Der Immobilienmarkt hat sich spätestens seit der Zinswende 2022 verändert. Was sind die aktuellen Herausforderungen, welche Chancen bieten sich und wie könnte es weitergehen? Wir brauchen mehr Wohnraum. So sieht es auch die Politik, doch zugleich erschwert sie das Kaufen, Mieten und Bauen. von Knud Wilden, Geschäftsführer W&N
Zunehmend hängt die wirtschaftliche Entwicklung vom politischen Einwirken in den Markt ab: über die weitere Verschärfung des Gebäudeenergiegesetztes (GEG) seit 01.01.2024 mit neuen Regelungen zum Einbau von Heizungen in Neubau und Bestand. Danach muss zum Beispiel jede neu eingebaute Heizung zu 65 Prozent mit Erneuerbaren Energien betrieben werden.

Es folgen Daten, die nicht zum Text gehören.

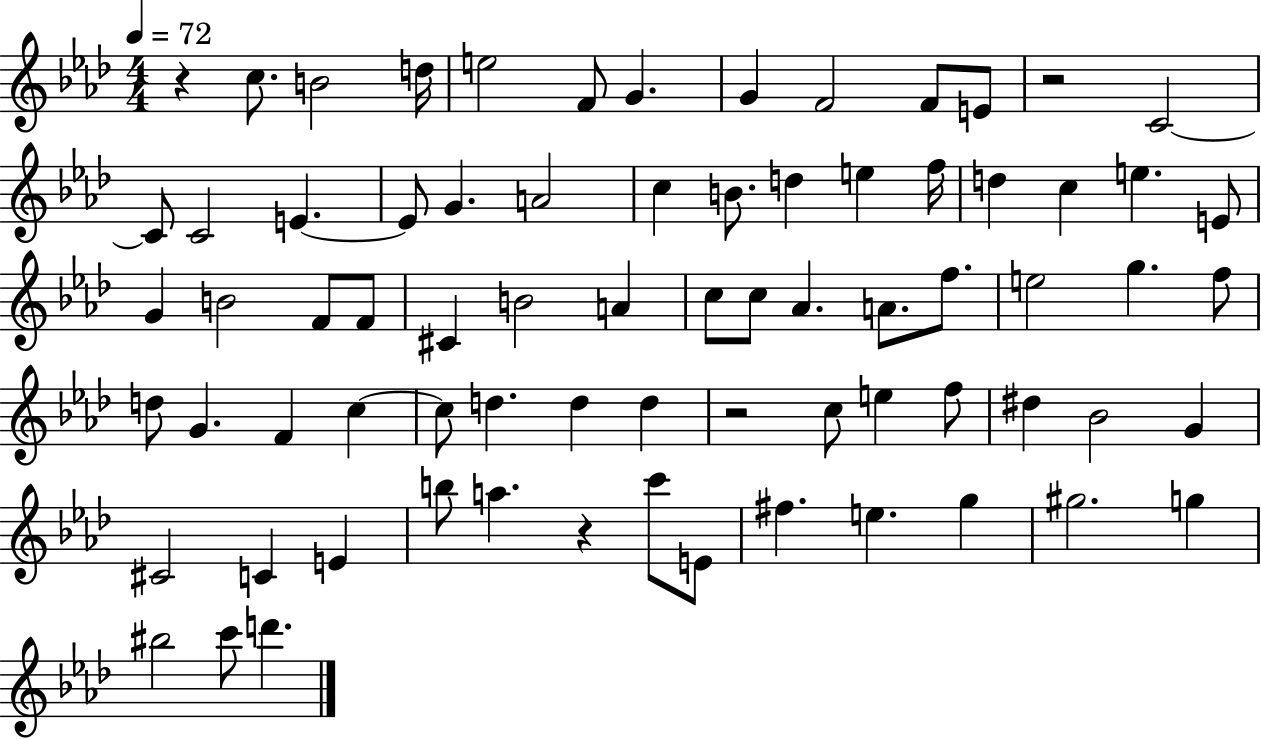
R/q C5/e. B4/h D5/s E5/h F4/e G4/q. G4/q F4/h F4/e E4/e R/h C4/h C4/e C4/h E4/q. E4/e G4/q. A4/h C5/q B4/e. D5/q E5/q F5/s D5/q C5/q E5/q. E4/e G4/q B4/h F4/e F4/e C#4/q B4/h A4/q C5/e C5/e Ab4/q. A4/e. F5/e. E5/h G5/q. F5/e D5/e G4/q. F4/q C5/q C5/e D5/q. D5/q D5/q R/h C5/e E5/q F5/e D#5/q Bb4/h G4/q C#4/h C4/q E4/q B5/e A5/q. R/q C6/e E4/e F#5/q. E5/q. G5/q G#5/h. G5/q BIS5/h C6/e D6/q.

Auch der Zinsanstieg seit 2022 bremst die Dynamik, und EU-Vorgaben wie die Agenda „Fit for 55“ wirken sich eher negativ aus. So war gemäß „EU-Richtlinie über die Gesamtenergieeffizienz von Gebäuden“ (EPBD – Energy Performance of Buildings Directiv) eine Sanierungspflicht für Wohnbauten der Effizienzklassen G und H, oft aus den 50er- bis 70er-Jahre, geplant. Letzteres hat die EU zwar mit einer Novellierung im März 2024 modifiziert. Danach sollen Sanierungsvorgaben nur für Nichtwohngebäude gelten. Allerdings ist bei Wohnbauten bis 2030 der durchschnittliche Primärenergieverbrauch um mindestens 16 Prozent zu reduzieren, bis 2035 um mindestens 20 bis 22 Prozent. Bis 2030 sollen Wohngebäude zudem mindestens die Energieeffizienzklasse "E" und bis 2033 "D" aufweisen. Darüber hinaus sind ab 2030 alle Neubauten emissionsfrei zu errichten, das heißt, es dürfen dann keine Emissionen aus fossilen Energieträgern mehr entstehen. Somit wird sich aus verschiedenen Gründen die Wohnungskrise wohl weiter zuspitzten.
Bau & Bürokratie
Die von der Politik angestrebten 400.000 Neubauwohnungen pro Jahr werden künftig nicht gebaut werden können. Das zeigt sich auch am Rückgang der Baugenehmigungen. Nach bereits rückläufigen Zahlen im Jahr 2022 zeigte sich gemäß Statistischem Bundesamt (Destatis) im ersten Halbjahr 2023 ein Minus von 50.600 Baugenehmigungen, -27,2 % gegenüber dem Vorjahreszeitraum. Laut ifo-Institut (Juni 2023) wurden für das Jahr 2023 ca. 245.000 Neubauwohnungen erwartet, im Jahr 2024 sollen es etwa 210.000 werden.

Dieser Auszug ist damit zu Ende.